During handling of the above exception, another exception occurred:

Traceback (most recent call last): File "/mnt/d/ubuntu/Conda_2022/envs/py1/bin/pdfrenamer", line 8, in sys.exit(main()) File "/mnt/d/ubuntu/Conda_2022/envs/py1/lib/python3.7/site-packages/pdfrenamer/main.py", line 346, in main results = rename(target=target) File "/mnt/d/ubuntu/Conda_2022/envs/py1/lib/python3.7/site-packages/pdfrenamer/main.py", line 103, in rename result = rename(subfolder, format=format,tags=tags) File "/mnt/d/ubuntu/Conda_2022/envs/py1/lib/python3.7/site-packages/pdfrenamer/main.py", line 103, in rename result = rename(subfolder, format=format,tags=tags) File "/mnt/d/ubuntu/Conda_2022/envs/py1/lib/python3.7/site-packages/pdfrenamer/main.py", line 92, in rename result = rename(file, format=format, tags=tags) File "/mnt/d/ubuntu/Conda_2022/envs/py1/lib/python3.7/site-packages/pdfrenamer/main.py", line 163, in rename result['path_new'] = None UnboundLocalError: local variable 'result' referenced before assignment`

Johny-Leo commented 1 year ago

Perhaps you can do something like this for the individual instance of pdf2doi: (in python script)

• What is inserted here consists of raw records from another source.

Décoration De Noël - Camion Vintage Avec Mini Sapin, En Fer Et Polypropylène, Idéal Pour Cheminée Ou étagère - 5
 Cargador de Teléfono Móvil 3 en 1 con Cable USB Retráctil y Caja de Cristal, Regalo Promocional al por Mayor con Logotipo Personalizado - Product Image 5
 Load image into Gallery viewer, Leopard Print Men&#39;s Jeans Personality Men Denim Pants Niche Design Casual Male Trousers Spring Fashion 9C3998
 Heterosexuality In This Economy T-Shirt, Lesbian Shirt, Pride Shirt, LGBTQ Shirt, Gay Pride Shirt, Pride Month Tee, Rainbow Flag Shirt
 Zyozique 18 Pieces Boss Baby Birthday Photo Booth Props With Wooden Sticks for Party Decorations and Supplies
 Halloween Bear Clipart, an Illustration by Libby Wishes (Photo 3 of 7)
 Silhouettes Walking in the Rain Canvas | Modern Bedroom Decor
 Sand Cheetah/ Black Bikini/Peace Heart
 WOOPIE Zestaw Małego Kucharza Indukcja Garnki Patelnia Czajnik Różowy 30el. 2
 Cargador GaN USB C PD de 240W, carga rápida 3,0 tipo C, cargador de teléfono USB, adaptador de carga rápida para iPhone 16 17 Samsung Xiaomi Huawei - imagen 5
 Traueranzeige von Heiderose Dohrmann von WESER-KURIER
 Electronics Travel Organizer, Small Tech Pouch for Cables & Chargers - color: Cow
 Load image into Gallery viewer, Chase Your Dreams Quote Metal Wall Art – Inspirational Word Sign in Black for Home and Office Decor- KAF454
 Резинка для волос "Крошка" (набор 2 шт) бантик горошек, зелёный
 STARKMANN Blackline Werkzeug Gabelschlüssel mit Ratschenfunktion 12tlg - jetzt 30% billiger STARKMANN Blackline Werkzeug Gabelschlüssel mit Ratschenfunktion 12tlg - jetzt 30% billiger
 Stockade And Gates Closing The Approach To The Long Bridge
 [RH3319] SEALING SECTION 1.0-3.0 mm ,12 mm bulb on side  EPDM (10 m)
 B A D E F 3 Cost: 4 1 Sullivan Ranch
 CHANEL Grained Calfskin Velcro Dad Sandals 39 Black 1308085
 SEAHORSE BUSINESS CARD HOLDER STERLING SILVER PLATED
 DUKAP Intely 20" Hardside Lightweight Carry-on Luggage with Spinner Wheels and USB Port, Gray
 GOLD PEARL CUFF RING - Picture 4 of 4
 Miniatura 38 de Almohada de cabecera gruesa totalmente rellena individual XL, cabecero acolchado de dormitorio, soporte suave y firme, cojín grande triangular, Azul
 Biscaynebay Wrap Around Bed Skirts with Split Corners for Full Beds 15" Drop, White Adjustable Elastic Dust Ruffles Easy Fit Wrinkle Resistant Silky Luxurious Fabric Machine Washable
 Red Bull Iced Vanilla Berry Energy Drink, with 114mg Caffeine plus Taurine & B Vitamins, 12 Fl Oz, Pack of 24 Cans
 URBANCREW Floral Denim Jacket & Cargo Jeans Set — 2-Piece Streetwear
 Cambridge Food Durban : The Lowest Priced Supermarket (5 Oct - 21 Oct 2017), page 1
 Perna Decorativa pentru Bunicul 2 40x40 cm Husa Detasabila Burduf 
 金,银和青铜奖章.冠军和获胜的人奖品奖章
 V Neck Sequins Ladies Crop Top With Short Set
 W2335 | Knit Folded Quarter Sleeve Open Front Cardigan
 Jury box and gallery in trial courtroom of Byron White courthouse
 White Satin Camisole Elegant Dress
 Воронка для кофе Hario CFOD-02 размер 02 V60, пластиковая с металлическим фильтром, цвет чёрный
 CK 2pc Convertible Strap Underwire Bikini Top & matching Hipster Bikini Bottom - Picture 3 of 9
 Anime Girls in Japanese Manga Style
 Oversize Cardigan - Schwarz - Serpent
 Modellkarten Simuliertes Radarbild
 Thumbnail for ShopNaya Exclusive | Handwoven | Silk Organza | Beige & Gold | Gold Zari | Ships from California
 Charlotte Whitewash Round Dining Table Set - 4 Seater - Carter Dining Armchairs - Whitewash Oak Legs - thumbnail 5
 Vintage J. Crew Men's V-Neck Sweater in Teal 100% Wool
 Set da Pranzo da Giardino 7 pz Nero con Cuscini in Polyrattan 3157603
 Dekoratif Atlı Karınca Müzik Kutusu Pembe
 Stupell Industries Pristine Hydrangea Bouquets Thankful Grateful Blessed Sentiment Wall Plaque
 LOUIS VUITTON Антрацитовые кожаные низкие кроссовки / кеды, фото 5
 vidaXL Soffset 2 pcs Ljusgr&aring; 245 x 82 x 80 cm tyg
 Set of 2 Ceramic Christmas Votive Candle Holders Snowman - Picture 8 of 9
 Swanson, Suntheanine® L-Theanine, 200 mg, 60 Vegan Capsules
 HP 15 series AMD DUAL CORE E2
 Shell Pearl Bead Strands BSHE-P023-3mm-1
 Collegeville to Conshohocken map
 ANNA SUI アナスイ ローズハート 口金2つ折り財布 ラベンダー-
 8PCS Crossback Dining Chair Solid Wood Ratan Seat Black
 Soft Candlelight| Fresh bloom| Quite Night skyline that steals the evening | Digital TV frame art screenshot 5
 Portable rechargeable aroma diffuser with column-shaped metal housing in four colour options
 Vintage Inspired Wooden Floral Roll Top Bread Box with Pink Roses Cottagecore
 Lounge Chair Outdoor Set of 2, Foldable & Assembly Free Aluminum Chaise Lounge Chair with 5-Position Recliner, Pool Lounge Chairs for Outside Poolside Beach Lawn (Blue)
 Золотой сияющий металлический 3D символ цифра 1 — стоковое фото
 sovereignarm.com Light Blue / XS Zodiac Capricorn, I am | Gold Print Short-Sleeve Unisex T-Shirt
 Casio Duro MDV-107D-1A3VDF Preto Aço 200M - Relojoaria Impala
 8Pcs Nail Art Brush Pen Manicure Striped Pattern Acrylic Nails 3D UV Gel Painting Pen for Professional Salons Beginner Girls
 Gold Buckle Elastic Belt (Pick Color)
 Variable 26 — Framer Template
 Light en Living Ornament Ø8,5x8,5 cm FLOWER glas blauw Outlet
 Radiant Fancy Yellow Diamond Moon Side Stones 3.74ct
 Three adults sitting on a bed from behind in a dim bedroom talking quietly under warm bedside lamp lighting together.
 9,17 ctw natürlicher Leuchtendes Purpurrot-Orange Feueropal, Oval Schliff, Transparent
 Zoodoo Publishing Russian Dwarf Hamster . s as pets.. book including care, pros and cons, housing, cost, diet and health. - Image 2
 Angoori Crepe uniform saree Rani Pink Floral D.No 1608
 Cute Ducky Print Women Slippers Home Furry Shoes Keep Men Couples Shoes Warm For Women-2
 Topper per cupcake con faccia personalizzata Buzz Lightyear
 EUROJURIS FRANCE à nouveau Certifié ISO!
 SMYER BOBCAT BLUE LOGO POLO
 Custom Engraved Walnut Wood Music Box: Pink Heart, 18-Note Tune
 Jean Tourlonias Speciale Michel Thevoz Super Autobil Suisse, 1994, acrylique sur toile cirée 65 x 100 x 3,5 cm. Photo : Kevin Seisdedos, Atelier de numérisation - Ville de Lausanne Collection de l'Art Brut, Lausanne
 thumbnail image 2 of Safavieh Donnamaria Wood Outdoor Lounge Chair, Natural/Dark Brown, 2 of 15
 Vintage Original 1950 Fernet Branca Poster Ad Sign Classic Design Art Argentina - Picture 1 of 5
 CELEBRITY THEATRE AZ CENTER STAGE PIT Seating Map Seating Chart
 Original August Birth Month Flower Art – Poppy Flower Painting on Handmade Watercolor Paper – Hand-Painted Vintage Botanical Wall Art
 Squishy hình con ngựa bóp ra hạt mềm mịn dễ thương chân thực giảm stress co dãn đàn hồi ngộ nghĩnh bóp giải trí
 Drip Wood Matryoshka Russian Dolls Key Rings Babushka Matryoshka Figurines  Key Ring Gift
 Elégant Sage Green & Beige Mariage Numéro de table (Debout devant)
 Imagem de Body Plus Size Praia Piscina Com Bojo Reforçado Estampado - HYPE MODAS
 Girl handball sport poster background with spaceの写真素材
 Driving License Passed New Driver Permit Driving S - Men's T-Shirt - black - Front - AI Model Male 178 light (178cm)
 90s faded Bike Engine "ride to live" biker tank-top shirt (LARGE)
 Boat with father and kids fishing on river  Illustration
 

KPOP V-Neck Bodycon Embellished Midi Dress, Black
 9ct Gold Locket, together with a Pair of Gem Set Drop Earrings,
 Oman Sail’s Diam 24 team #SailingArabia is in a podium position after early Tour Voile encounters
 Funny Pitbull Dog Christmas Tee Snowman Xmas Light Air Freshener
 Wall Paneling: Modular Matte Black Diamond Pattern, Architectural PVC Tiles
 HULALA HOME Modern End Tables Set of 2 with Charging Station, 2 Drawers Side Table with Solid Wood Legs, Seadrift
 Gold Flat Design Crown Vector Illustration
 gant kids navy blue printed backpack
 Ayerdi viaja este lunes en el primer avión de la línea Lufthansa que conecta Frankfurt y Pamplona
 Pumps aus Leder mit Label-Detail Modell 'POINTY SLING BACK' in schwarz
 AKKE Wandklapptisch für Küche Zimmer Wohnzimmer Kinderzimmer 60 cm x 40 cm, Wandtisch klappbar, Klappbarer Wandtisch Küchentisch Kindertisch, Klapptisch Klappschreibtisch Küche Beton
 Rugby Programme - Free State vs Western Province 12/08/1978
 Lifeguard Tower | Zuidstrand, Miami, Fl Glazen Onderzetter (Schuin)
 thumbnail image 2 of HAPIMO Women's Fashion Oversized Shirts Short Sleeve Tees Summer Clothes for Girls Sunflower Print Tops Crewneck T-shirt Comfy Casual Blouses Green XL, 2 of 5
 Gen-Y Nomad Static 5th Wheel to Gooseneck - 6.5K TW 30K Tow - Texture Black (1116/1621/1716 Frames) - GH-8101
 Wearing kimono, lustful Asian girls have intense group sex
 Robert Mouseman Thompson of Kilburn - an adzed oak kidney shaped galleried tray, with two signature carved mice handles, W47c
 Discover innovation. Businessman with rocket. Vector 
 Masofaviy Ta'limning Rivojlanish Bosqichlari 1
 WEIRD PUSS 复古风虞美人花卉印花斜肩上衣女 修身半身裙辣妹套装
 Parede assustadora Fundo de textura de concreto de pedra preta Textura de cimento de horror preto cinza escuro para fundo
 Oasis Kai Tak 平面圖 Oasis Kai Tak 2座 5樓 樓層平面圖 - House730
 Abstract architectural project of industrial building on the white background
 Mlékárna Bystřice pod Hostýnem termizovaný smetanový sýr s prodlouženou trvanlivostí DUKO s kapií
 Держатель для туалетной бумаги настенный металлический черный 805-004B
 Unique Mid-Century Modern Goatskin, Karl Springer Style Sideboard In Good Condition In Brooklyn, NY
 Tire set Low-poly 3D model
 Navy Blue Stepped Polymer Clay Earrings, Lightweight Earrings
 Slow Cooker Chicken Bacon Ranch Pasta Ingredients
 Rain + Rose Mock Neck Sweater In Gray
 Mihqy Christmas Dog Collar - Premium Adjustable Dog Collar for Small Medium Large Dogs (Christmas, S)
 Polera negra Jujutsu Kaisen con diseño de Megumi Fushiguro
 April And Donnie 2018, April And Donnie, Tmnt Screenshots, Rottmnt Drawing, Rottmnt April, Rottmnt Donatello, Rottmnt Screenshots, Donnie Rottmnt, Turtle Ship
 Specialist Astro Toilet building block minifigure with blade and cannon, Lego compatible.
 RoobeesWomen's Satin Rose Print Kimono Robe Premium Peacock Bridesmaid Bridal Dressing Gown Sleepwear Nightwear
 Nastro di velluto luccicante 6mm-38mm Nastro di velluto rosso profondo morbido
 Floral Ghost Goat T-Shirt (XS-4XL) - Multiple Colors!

doi_dict = pdf2doi.pdf2doi( file_name_original+ '.pdf') if doi_dict['identifier'] == None: #### when pdf2doi could not find the appropriate id continue

This will skip the erroneous instances and continue to the next instance in pdf2doi search, which consequently skips the steps of renaming.

Regards!

MicheleCotrufo commented 1 year ago

It looks like the issue is not generated by pdf2doi (in fact, it can find the DOI). Instead it is generated when pdf2bib tries to use the library JSON to parse the raw data obtained by dx.doi.org. Probably, the raw data contains some "invalid" character. I can definitely add an additional try/except block in pdf2bib to make sure that the script keeps going.

Can you send me this specific pdf file, so that I can make more tests?

SHEN-Cheng commented 1 year ago

It looks like the issue is not generated by pdf2doi (in fact, it can find the DOI). Instead it is generated when pdf2bib tries to use the library JSON to parse the raw data obtained by dx.doi.org. Probably, the raw data contains some "invalid" character. I can definitely add an additional try/except block in pdf2bib to make sure that the script keeps going.

Can you send me this specific pdf file, so that I can make more tests?

I realized it's a slide in pdf format, so maybe this is why pdf2bib is blocked. I have another question: how to skip these pdf files by checking if it is a journal paper?

MicheleCotrufo commented 1 year ago

Unfortunately there is not a simple way to automatically check if a pdf file is a journal paper. There isn't any unequivocal 'settings' or other stuff that will tell you if the pdf file is a paper or not. The library pdf2bib uses the the library pdf2doi to try to associate a DOI to a given pdf file. If this is successful, pdf2bib will assume that the pdf file is indeed a journal paper corresponding to the found DOI. If not, it will skip it.

In this case, pdf2bib has determined that the file is a valid paper because a DOI was associated to it. But then an error occurred when it tried to parse the raw text. This is probably because the raw text contain some weird character. I will implement some additional code to make sure that, when some parsing error occur, the file is skipped.

MicheleCotrufo commented 1 year ago

I implemented several changes to pdfrenamer, pdf2bib and pdf2doi. I fixed several issues, such as making sure that the processing of pdf files does not stop if one "invalid" pdf file is encountered.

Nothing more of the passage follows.